Snow Leopard, OpenCL, the kidney, and historical contingency

The next release of Apple’s OS is code-named Snow Leopard. It will include OpenCL:

OpenCL (Open Compute Library), makes it possible for developers to efficiently tap the vast gigaflops of computing power currently locked up in the graphics processing unit (GPU). With GPUs approaching processing speeds of a trillion operations per second, they’re capable of considerably more than just drawing pictures. OpenCL takes that power and redirects it for general-purpose computing.

That’s interesting: in the history of computing, people first added GPUs to offload a certain kind of processing work onto specialized CPUs. Now we’re taking some of that processing power back.

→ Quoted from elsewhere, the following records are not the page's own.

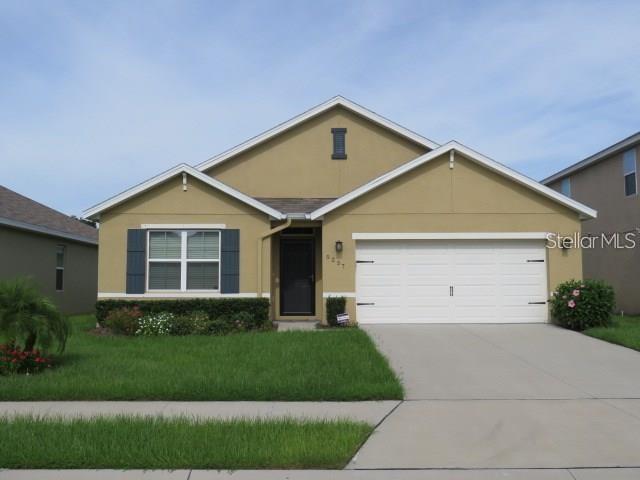 Foto principal - 5257 11th St E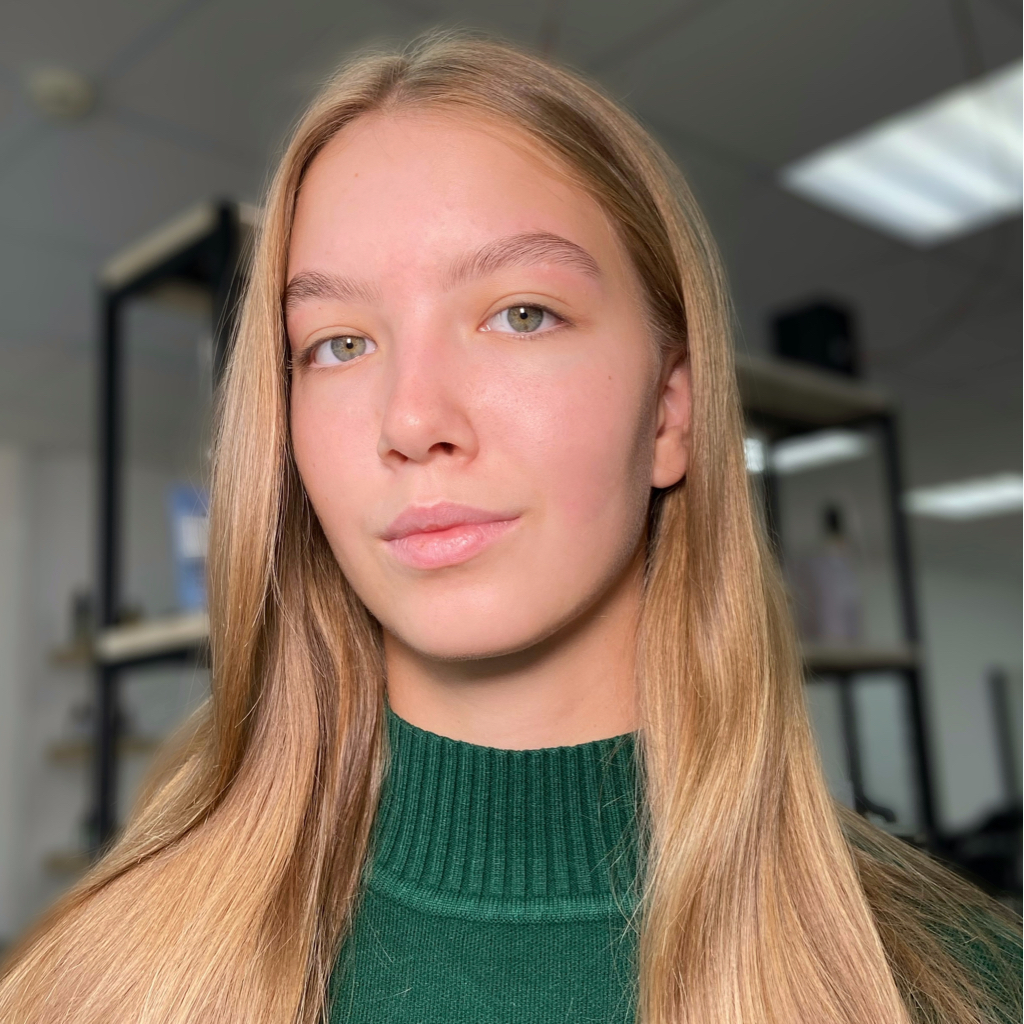 Коррекция бровей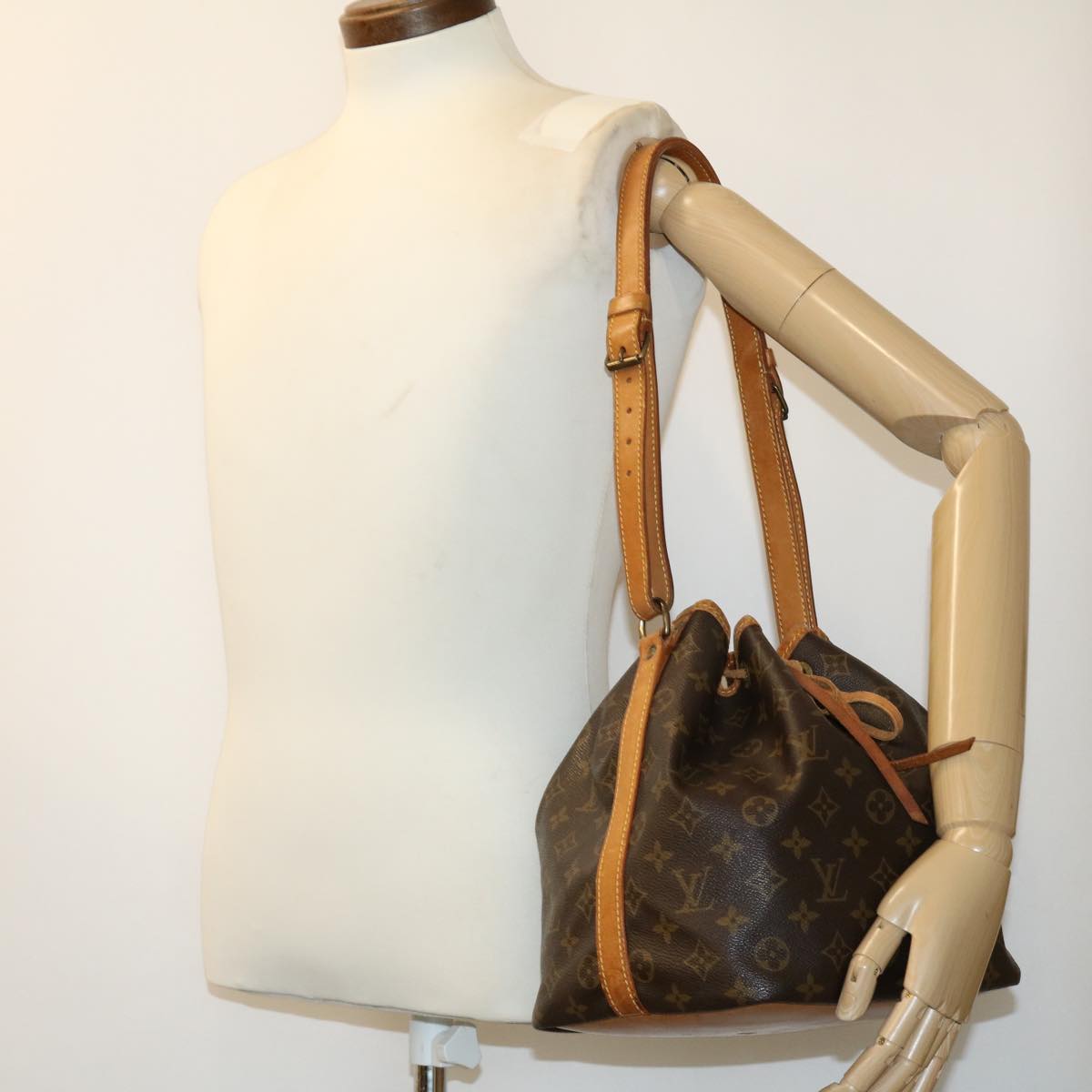 LOUIS VUITTON Monogram Petit Noe Shoulder Bag M42226 LV am2678g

The kidney, if I remember Dawn’s description of it right, works in stages. One stage adds too much water into the urine, but a later stage takes some back out. Why the kludge? Probably for historical reasons: if you’re a fish, being wasteful with water is not a problem. Crawl up onto land, and suddenly it is a problem. How to solve it? Add a patch to undo what an earlier stage does.

OK, so they’re not exact parallels. But stories like that are a way to remind myself of that useful quote, originally (I believe) from Kenneth Boulding, made a meme by Gerald Weinberg: “Things are the way they are because they got that way.”

Forgetting that is a problem, because we all tend to be Panglossians, thinking the thing we’re looking at is not only tuned to a problem but also optimally tuned. It may be bad but, well, I guess that’s just because bad is the best it can be.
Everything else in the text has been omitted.